Act III: The Path Not Taken

What would a genuine anti-corruption drive look like? Here’s a menu of alternatives, served with a side of sarcasm to highlight the ICI’s inadequacy:

Turbo-Charge the COA

A leader serious about results might give the COA a special mandate and budget, letting forensic auditors move at the speed of scandal, not the pace of bureaucracy. But that would mean ceding control, and control is the currency of Philippine politics.

DOJ-Led Task Force

A prosecution-ready task force with real teeth could haul in contractors and officials, with evidence admissible in court. Too risky—someone might actually go to jail.

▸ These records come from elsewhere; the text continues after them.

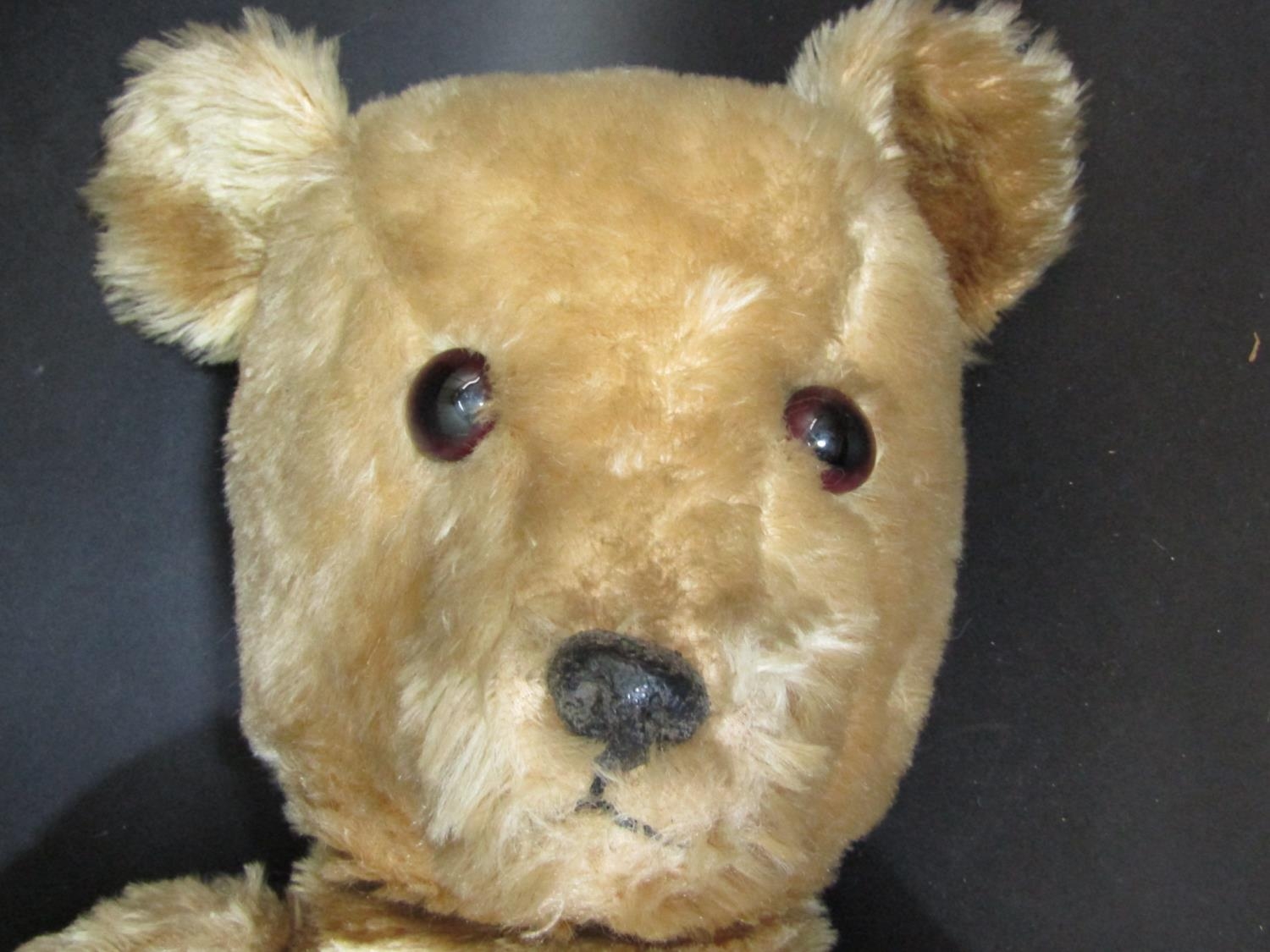 2 mid 20th century teddy bears including a large bear probably by Chiltern with jointed body, - Image 4 of 7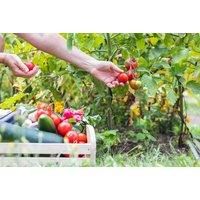 Online Vegetable Gardening Course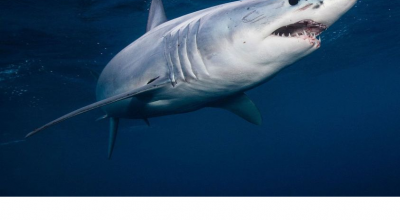 Tirreno, avvistato un esemplare di squalo verdesca a riva tra Lavinio e Lido dei Pini nel tratto di mare tra Anzio e Ardea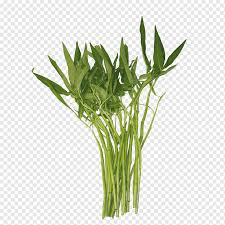 After hundreds of meals in vietnam, dozens of trips to local markets, and even a couple of vietnamese cooking classes, we are finally starting to understand all the varieties of fresh vietnamese herbs. Water Spinach Thailand Chinese Convolvulus Laos Vegetable Morning Glory Leaf Vegetable Plant Stem Grass Png Pngwing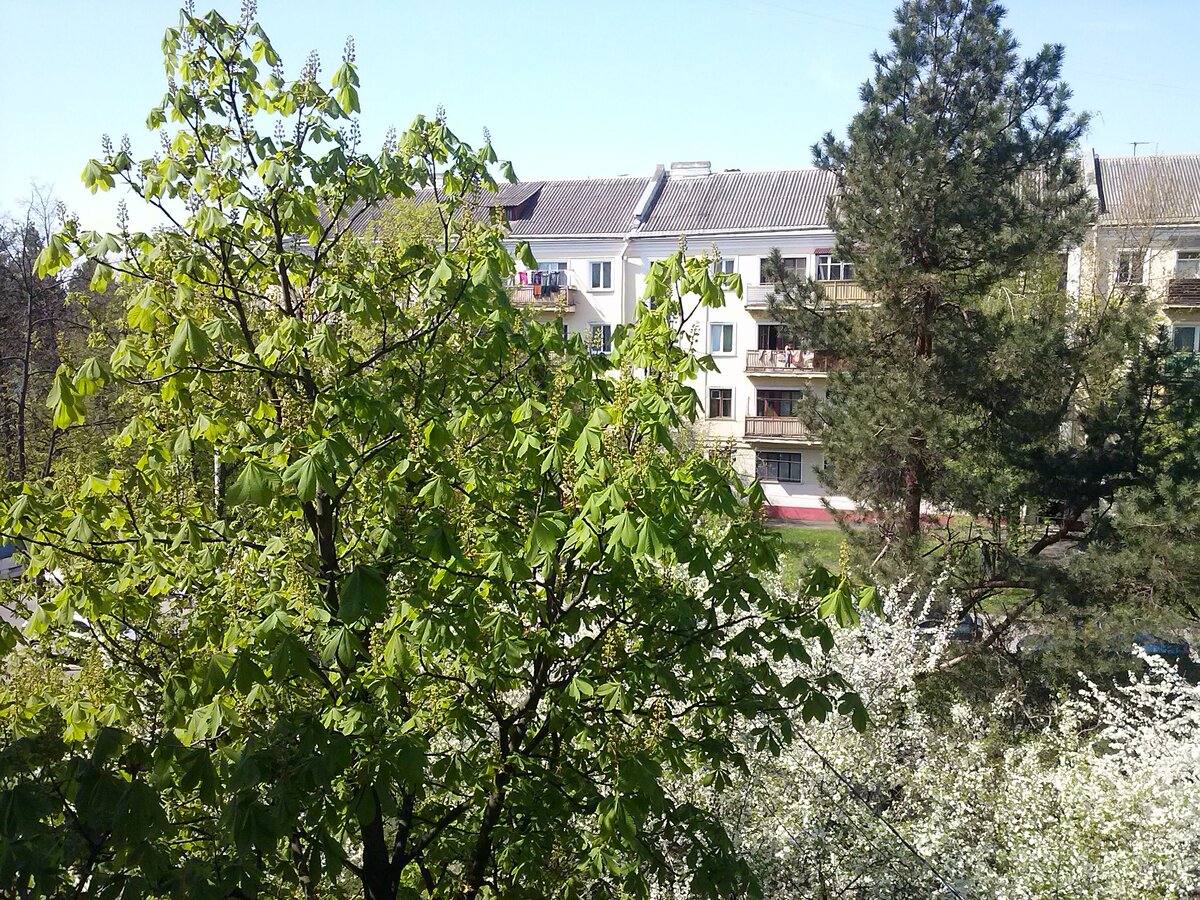 Фото из личного архива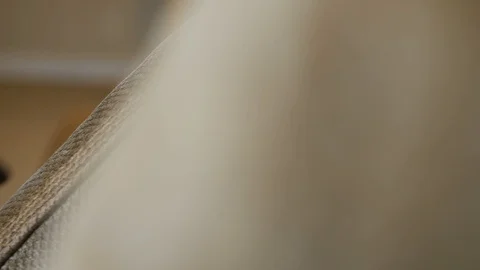 Close up on wet vacuum cleaning a couch cusion while camera moves from around Stock Footage 85864593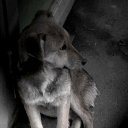 ���� �����, ����, 38 ��� - ��������� 6 ������ 2010 � ������ ���� ������� ����������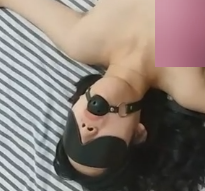 刘敏华南师大M属性开发实录1V111MB珍藏版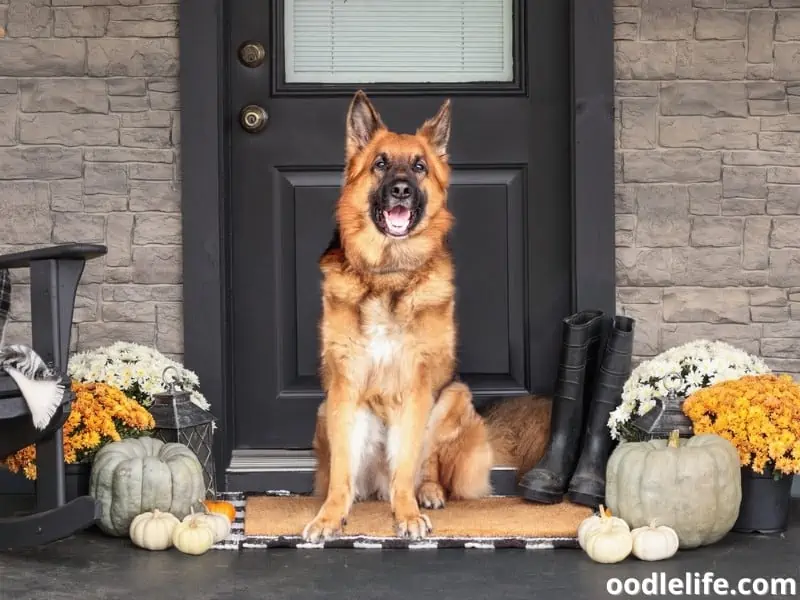 German Shepherd sits on a rug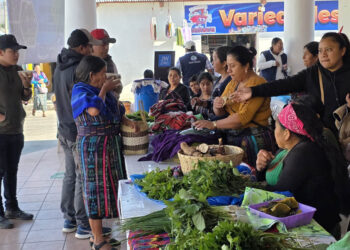 Feria del Agricultor dinamiza el comercio directo en Baja Verapaz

Public Geotagging Dashboards

Mandate geotagging for every infrastructure project, with public dashboards showing budgets, progress, and photos. Transparency invites scrutiny, though, and scrutiny is the enemy of narrative.

Blue Ribbon Committee Probe

A fully resourced, livestreamed Senate investigation could drag the truth into the open with subpoena power. But that would steal the Palace’s spotlight.

These alternatives weren’t chosen because they work too well, threatening the political cartels that thrive on opacity. The ICI was a choice—a politically convenient one.


The Final Curtain: A Tragedy in Floodwater

The real cost of this circus isn’t measured in headlines but in human lives. Substandard flood control projects, ghost contracts, and kickbacks have left communities drowning—literally. Typhoon after typhoon, towns are submerged, lives are lost, and the poor pay the price for elite gamesmanship. The ICI isn’t just a failure of process; it’s a symptom of a system that refuses to cure its own disease.

The Tragedy

Corruption isn’t the scandal—it’s the refusal to confront it head-on, opting instead for a commission that’s more stage prop than solution.

The Culprits

This isn’t Marcos’ fault alone, nor Duterte’s. It’s the collective failure of a political class that prefers shadowboxing to accountability.

Recommendations for the Public and Institutions

  • Demand the Ombudsman and COA take center stage with real resources.
  • Reject closed-door drama and insist on livestreamed hearings.
  • See the political sniping for what it is: a distraction from submerged towns and empty coffers.

The ICI may be a spoon, but the people can still demand a shovel.